4. Experimental Results

The method was evaluated on three benchmarks: EndoVis17, EndoVis18, and CholecSeg8k.

Quantitative Improvements (Zero-Shot):
- EndoVis17: +5.8% mean Class IoU (mcIoU) over vanilla SAM3.
- EndoVis18: +8.0% mcIoU over vanilla SAM3.
- CholecSeg8k: +2.0% mcIoU over vanilla SAM3.
Comparison: ReMeDI-SAM3 outperformed specialized training-based models (e.g., SurgicalSAM, SP-SAM) and other SAM-based zero-shot approaches (e.g., PerSAM, TrackAnything).
Ablation Studies:
- Removing the ReID module caused a significant drop in performance, confirming its necessity for identity disambiguation.
- Piecewise interpolation outperformed uniform interpolation, proving that preserving boundary temporal priors is crucial.
- Increasing memory size to 15 frames improved performance, but further expansion yielded diminishing returns.
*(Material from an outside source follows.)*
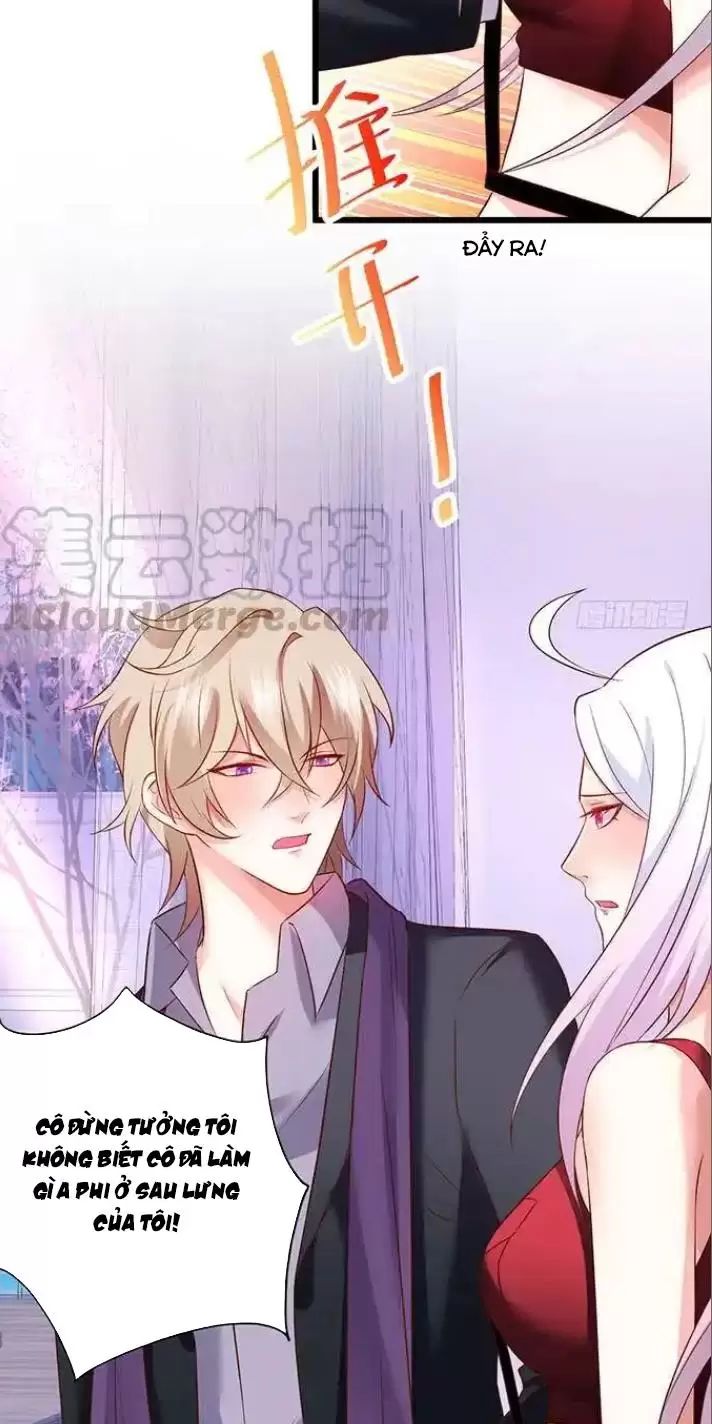 Hắc Đạo Này Có Chút Manh Chapter  161 - 40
Qualitative Evidence: In cases where a yellow instrument occluded and a blue instrument re-entered, vanilla SAM3 confused the new blue instrument with the old yellow one. ReMeDI-SAM3 correctly identified the new instrument and suppressed the false positive, demonstrating robust identity recovery.

5. Significance

ReMeDI-SAM3 represents a significant advancement in surgical video analysis by solving the "long-term identity" problem in a training-free manner.

Clinical Relevance: By reliably tracking instruments through occlusions and re-entries, it enhances the safety and reliability of computer-assisted surgery systems.
Efficiency: It eliminates the need for expensive, data-hungry retraining of foundation models for specific surgical domains, making advanced segmentation accessible with minimal computational overhead.
Generalizability: The dual-memory and interpolation strategies offer a blueprint for improving long-term video object segmentation in other domains characterized by frequent occlusions and long sequences.